I totally agree with that.

And how about this... a rodent production facility that would specialize in a smaller breed of mouse alongside their normal sized ones, to produce smaller pinks just for this purpose. I think it would be a reasonably lucrative side business. Seems like day old frozen pinks are getting bigger on the average.

Mike

jlassiter Aug 16, 2005 05:43 PM

You know Deer mice are about half the size as a regular ole white mouse.....
But...It is the smell of the open wound that gets them to eat...That is why brained live pinks have worked for me the last 5 years...The movement along with the brain matter scent seems to trigger them to feed....
A couple years ago I bought a Mexmex female from LLL Reptiles...It ended up being a male, but different story....
A feeding card came with the snake and it had a feeding history of 5 meals...ALL split pinks, so I split pinks until it finally took a whole one. I never really tried splitting pinks again, but the size of one of my hatchlings will definitely provoke me to try a split pink......
And yes....Thanks Russ for sharing information with everyone.

John Lassiter

mexicanamak Aug 16, 2005 07:04 PM

I have read of Deer mice and think they would be a good possibility.
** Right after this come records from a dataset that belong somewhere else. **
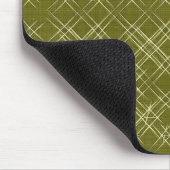 Kreuz und Quer Eleganz Mousepad (Ecke)
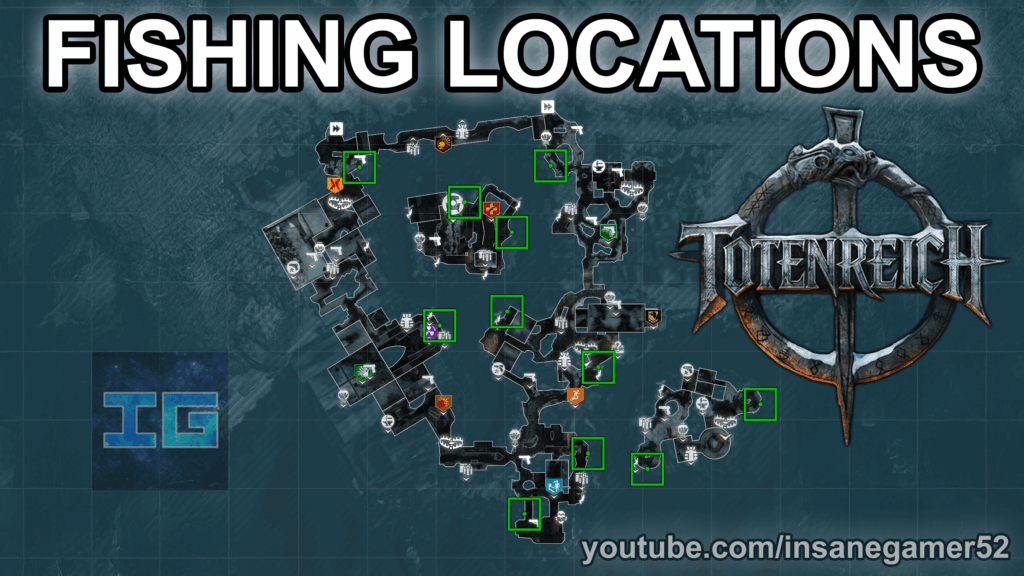 Here's All Fishing Locations On Totenreich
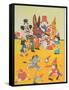 Animal party-Christian Kaempf-Framed Stretched Canvas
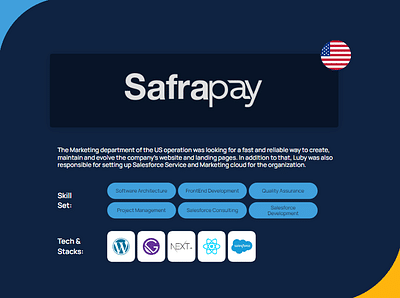 SafraPay - Software Ontwikkeling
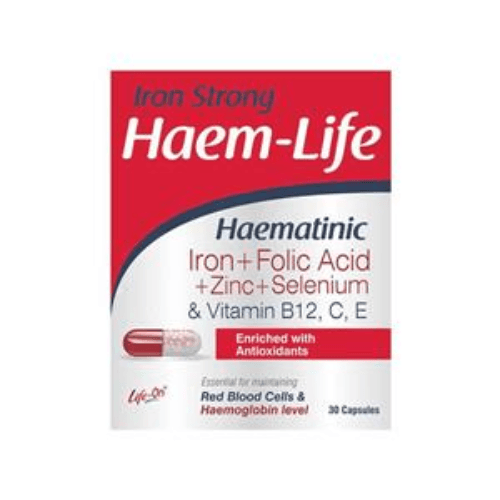 Life On Haem Life 30 Cap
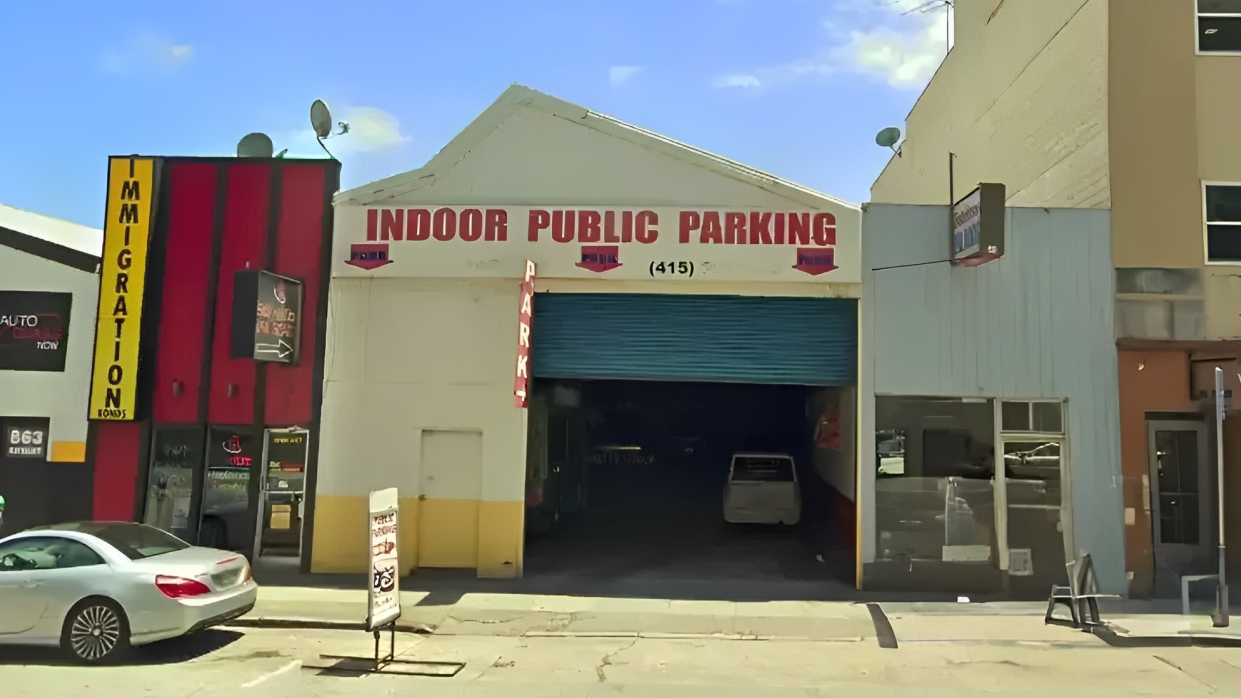 873 Bryant St. Garage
Agreed... the gooey stuff in the middle sparks their interest but the overall size intimidates these guys at any age. I see it here with all of my animals to some degree, more so with certain individuals so the halved pink approach is on the right track with the babies. I also feel that the bulk of the item is important, not just length and a day old Deer mouse pink would meet both criteria... shorter in length and not as big around. I also think they accept compromises between length and bulk, I watch all of them eat... babies through adult... and most of them thouroughly investigate the item, obviously considering length and bulk at the same time. They seem to be able to compromise and accept a longer item that is slimmer, or a bulky item that is much shorter in length, but naturally the bulk can't bee too large no matter the length. If it is too long and bulky, they shy away. I would venture to guess that if we had a good supply of these tiny Deer mouse pinks, most smaller babies would take brained f/t fairly quickly.

Mike

vichris Aug 17, 2005 09:19 PM

I'm definately going to give this a try on my newbies too. I've got 2 that are pretty small.